Important Merger Information
In connection with the proposed merger of the NYSE and Archipelago, NYSE
Group has filed a registration statement on Form S-4 with the SEC containing a
joint proxy statement/prospectus regarding the proposed transaction. The
parties have filed other publicly available relevant documents concerning the
proposed transaction with the SEC. The SEC declared the Registration
Statement effective on November 3, 2005.
NYSE MEMBERS AND ARCHIPELAGO STOCKHOLDERS ARE URGED TO READ THE FINAL
JOINT PROXY STATEMENT/PROSPECTUS REGARDING THE PROPOSED TRANSACTION BECAUSE IT
WILL CONTAIN IMPORTANT INFORMATION. NYSE members and Archipelago stockholders
can obtain a free copy of the final joint proxy statement/prospectus, as well
as other filings containing information about NYSE and Archipelago without
charge, at the SEC’s website (http://www.sec.gov). Copies of the final joint
proxy statement/prospectus can also be obtained, without charge, once they are
filed with the SEC, by directing a request to the Office of the Corporate
Secretary, NYSE, 11 Wall Street, New York 10005, 212-656-2061 or to
Archipelago, Attention: Investor Relations, at 100 S. Wacker Drive, Suite
1800, Chicago, Illinois 60606 or calling (888) 514-7284.
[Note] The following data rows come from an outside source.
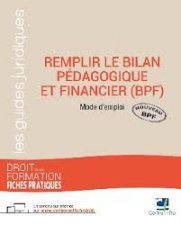 Ouverture de la campagne de saisie du Bilan pédagogique et financier (BPF)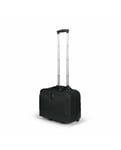 DICOTA D32043-RPET sacoche d'ordinateurs portables 43,9 cm (17.3") Valise sur roulette Noir Dicota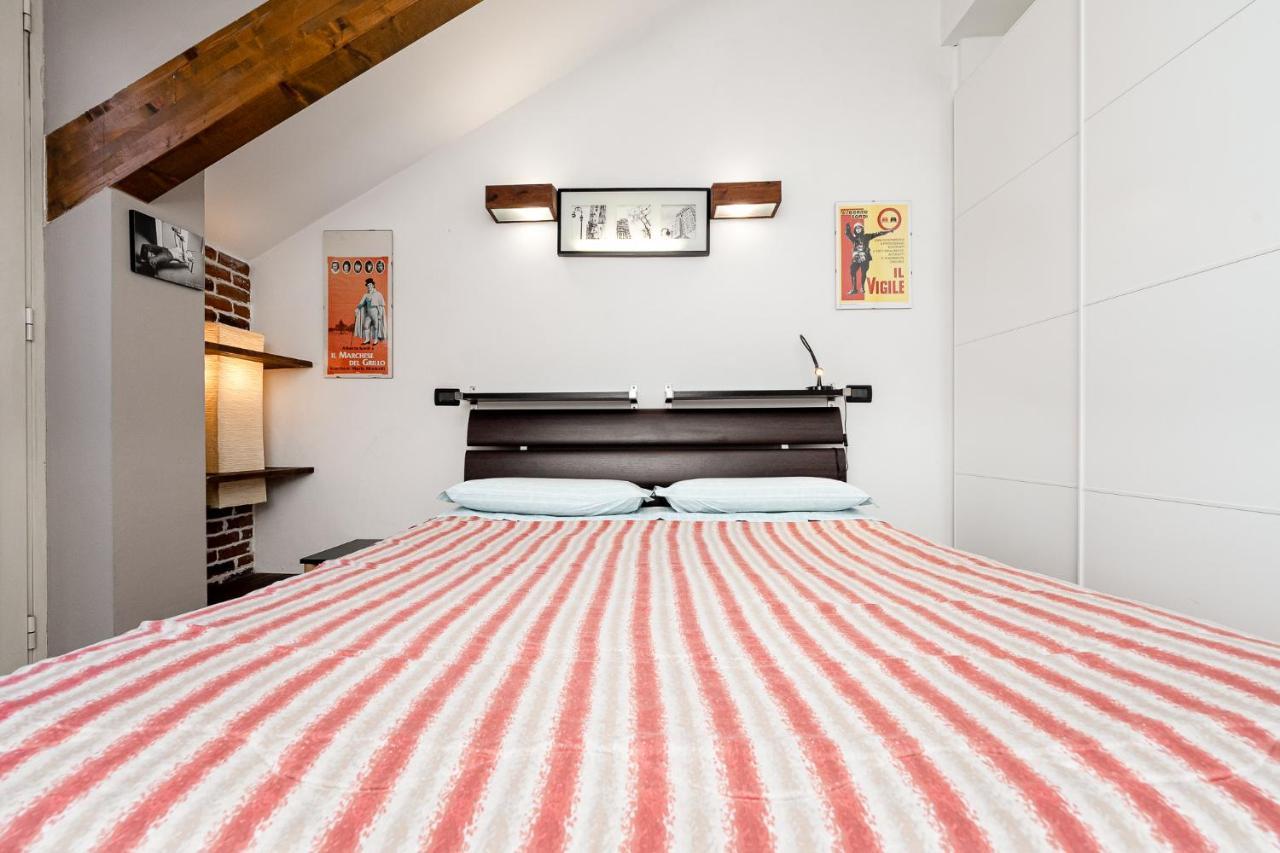 Stagabin La Mansarda Panoramica Un Rifugio Di Eleganza E Tranquillita Apartment ตูริน ภายนอก รูปภาพ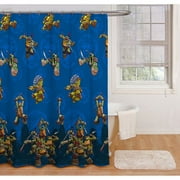Teenage Mutant Ninja Turtles Shower Curtain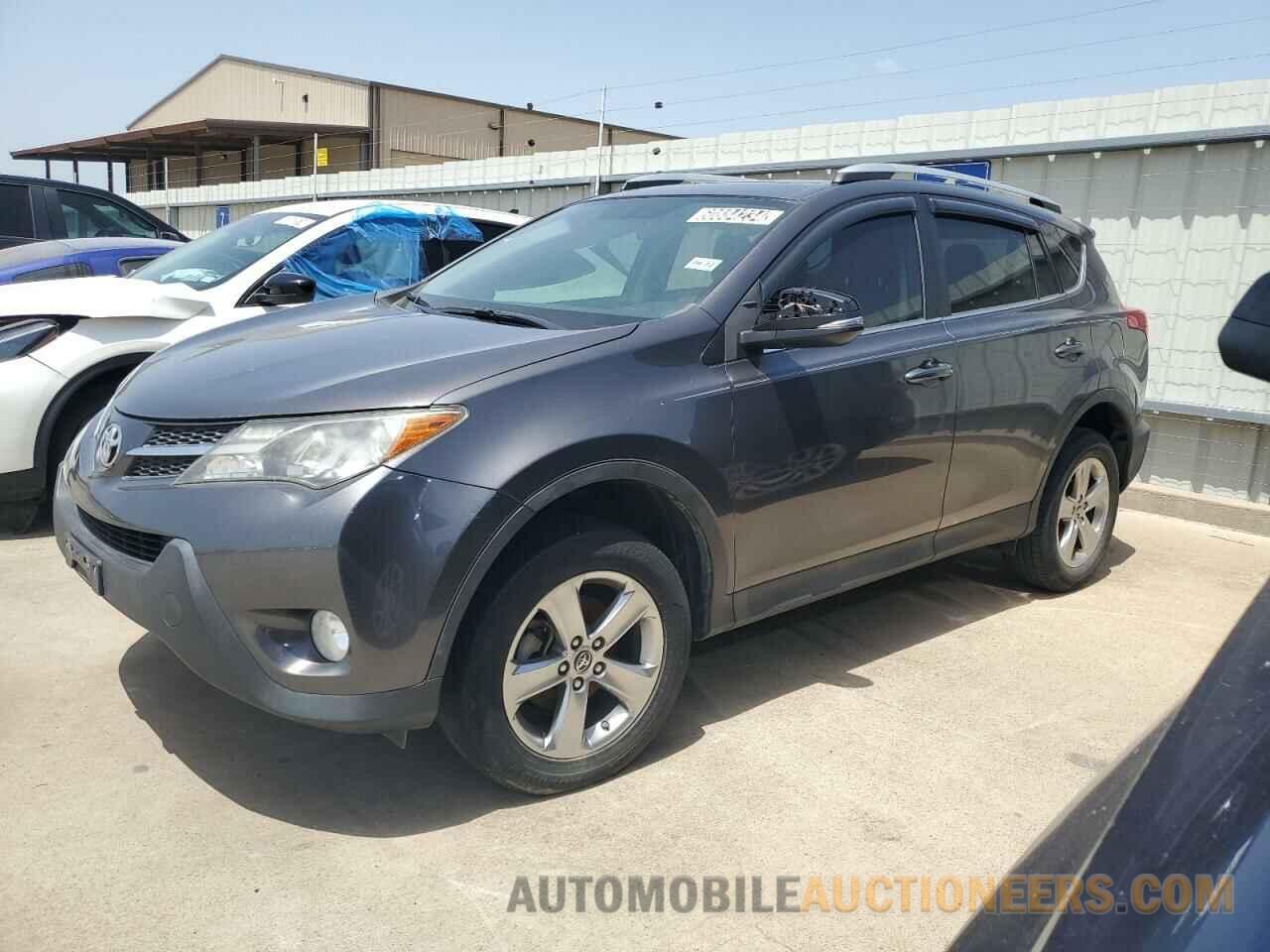 2T3WFREV0FW141477 TOYOTA RAV4 2015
The NYSE, Archipelago and their respective directors and executive
officers and other members of management and employees may be deemed to be
participants in the solicitation of proxies from Archipelago stockholders in
respect of the proposed transaction. Information regarding Archipelago’s
directors and executive officers is available in Archipelago’s proxy statement
for its 2005 annual meeting of stockholders, dated March 31, 2005.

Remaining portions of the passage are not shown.